Kadane's Algorithm is not what this problem asks you about.

Your task is to maximize reminder modulo M, not sum itself.

If M=7 then 6 is better than 14, because 6 gives 6 modulo 7, and 14 gives 0 modulo 7 (and 6 is, obviously, more than 0).

Your solution will fail on following test

3 5
1 2 2

Here is my solution from a contest.

LL sum = 0 , ans = 0 ;
        set S ;
        S.insert(0) ;
        set :: iterator it ;
        for(int i=1;i<=n;i++){
            sum += A[i] ;
            sum %= m ;
            it = S.upper_bound(sum) ;
            if(it != S.end())
                ans = max(ans,sum-(*it)+m) ;
            else
                ans = max(ans,sum) ;
            S.insert(sum) ;
        }

Here is my idea for this solution.
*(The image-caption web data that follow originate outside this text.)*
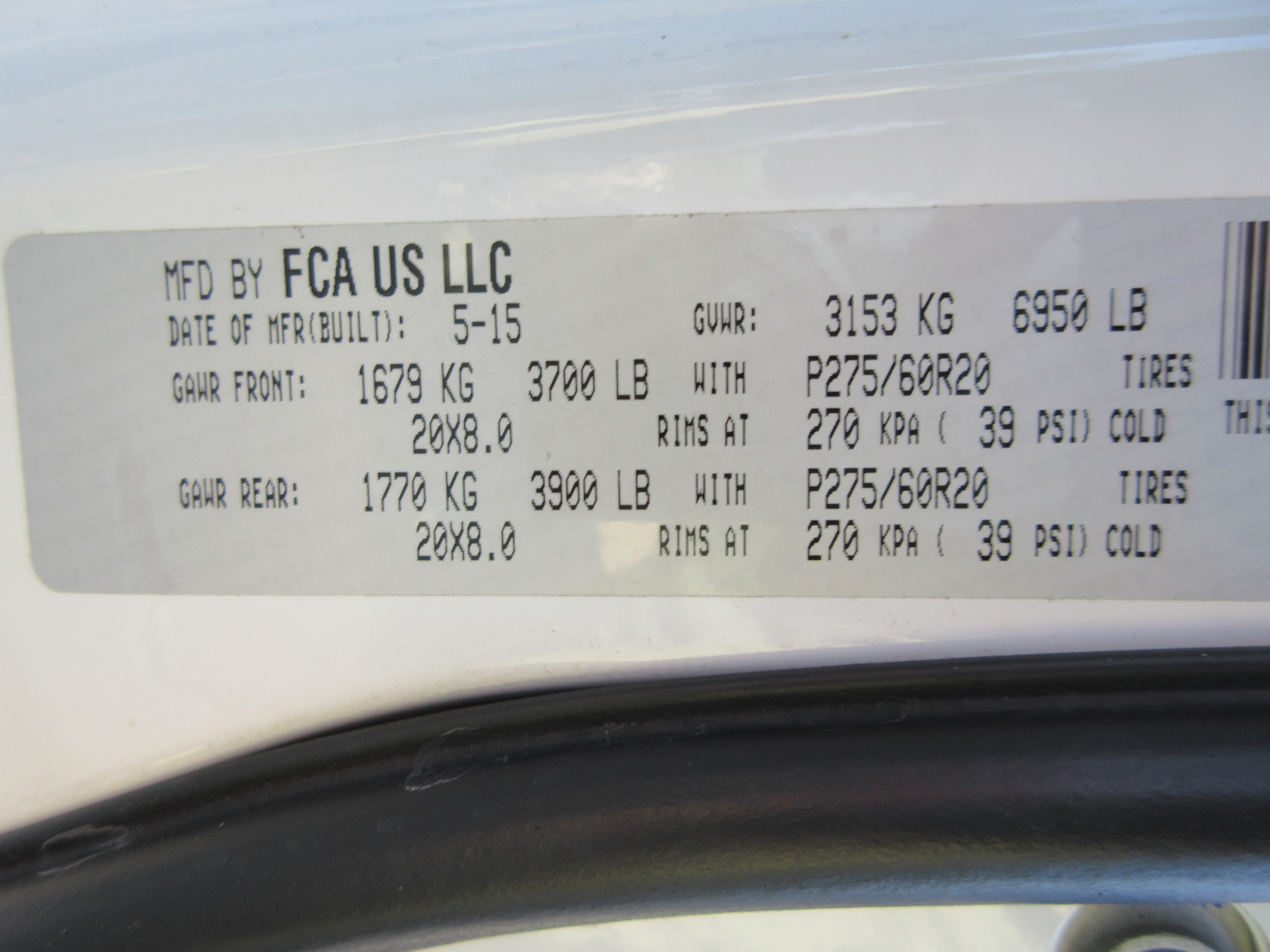 2015 RAM Ram 1500 Pickup SLT - Photo 34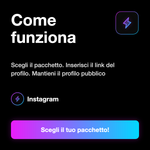 Follower Instagram Indiani 🇮🇳 • Crescita Profilo - Come funziona: Scegli il pacchetto. Inserisci il link del profilo. Mantieni il profilo pubblico
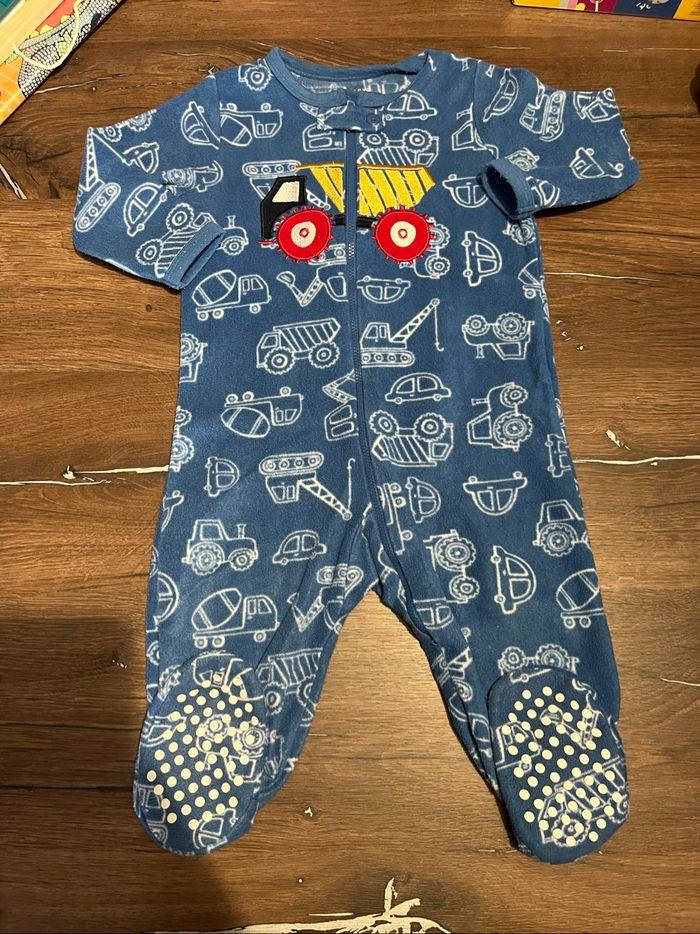 Pyjama chaud bébé garçon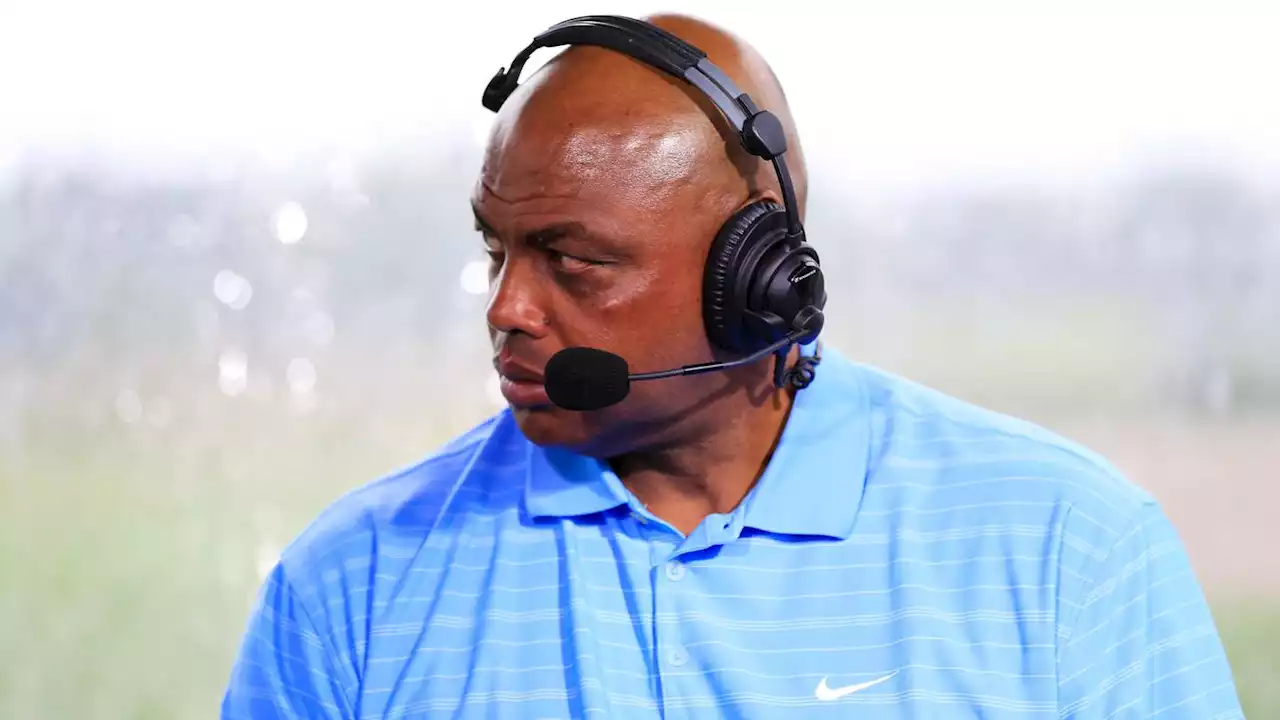 Charles Barkley says '100%' he'll meet with LIV Golf about media role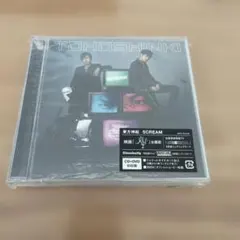 東方神起 シングル SCREAM 初回盤 CD+DVD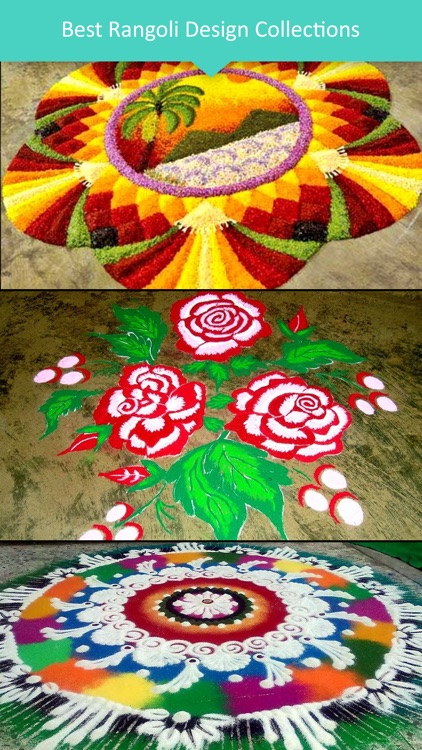 Best Rangoli Designs 2015 screenshot-4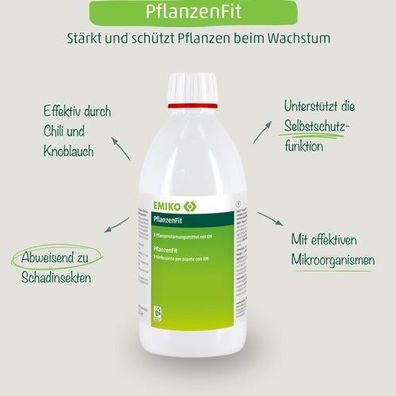 EMIKO Pflanzenfit - rettet deine Pflanzen
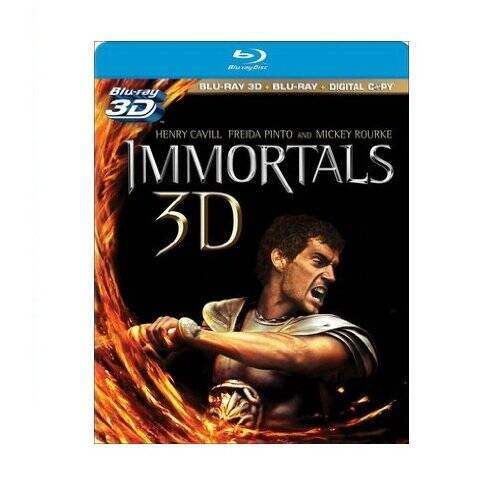 Immortals (3D/ Blu-ray + Digital Copy) – Blu-ray By Immortals – GOOD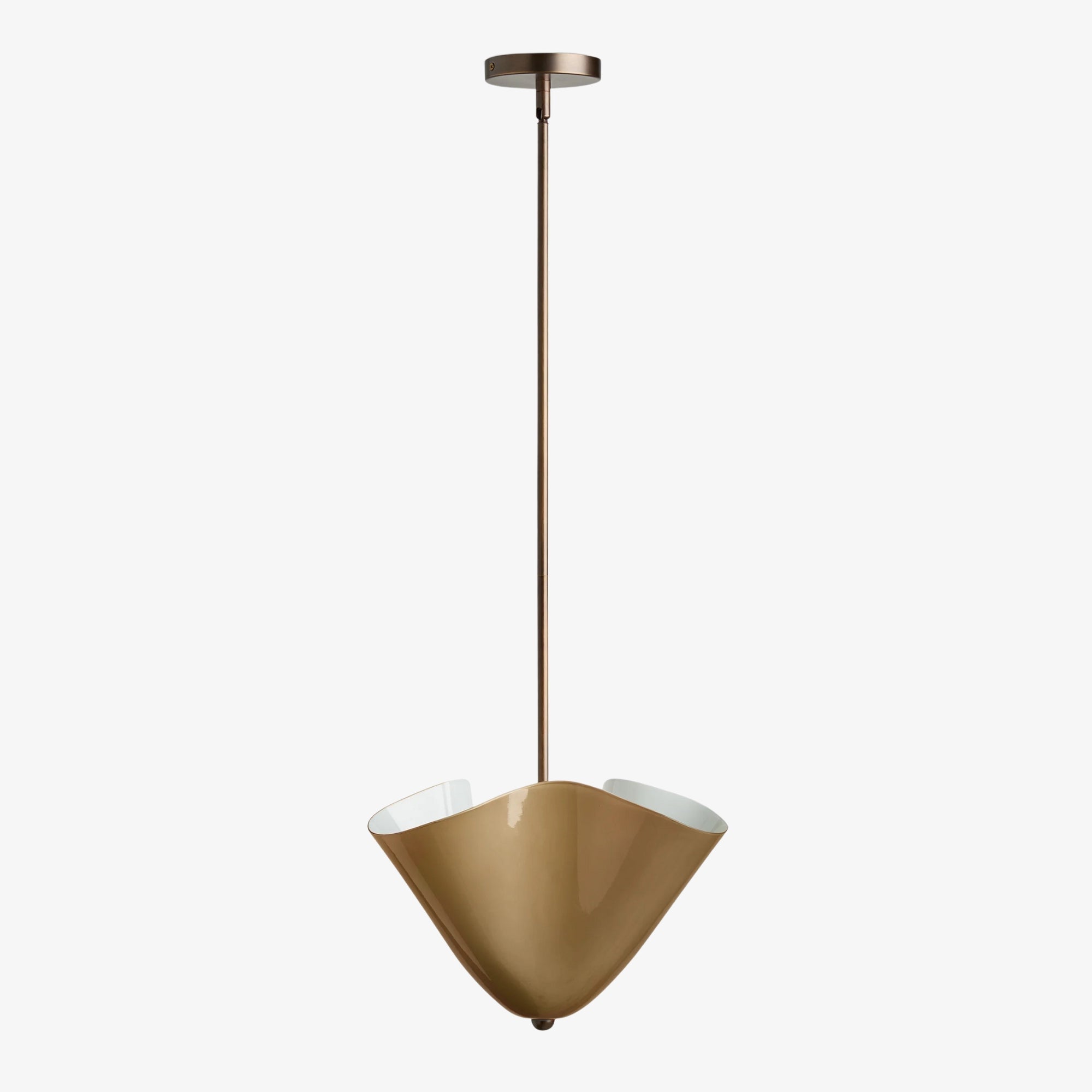 Freyza | Brass Gold Pendant Light – Kitchen Dining Room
Firstly as mentioned by I_love_Tanya_Romanova this problem is not what you have thought earlier. so , suppose you are maintaining curr_sum % m then you have to maximise the sum of the array ending at each index i then take maximum of all. let us consider curr_sum[i] denotes the sum of all elements from 1 to i % m now to maximise this there are two cases only decrease the smallest value less than curr_sum[i] from curr_sum which is obviously 0 else you can subtract the value just greater than curr_sum[i] (consider this value as x). we can see curr_sum[i] — x is negative so we have to add m to it which implies we have to maximise this (curr_sum[i] — x + m) or (m+curr_sump[i] — x) so take the smallest value greater than curr_sum[i] which can be easily find by maintaining a set (denoting by S in my code). hope this is useful in some way or other.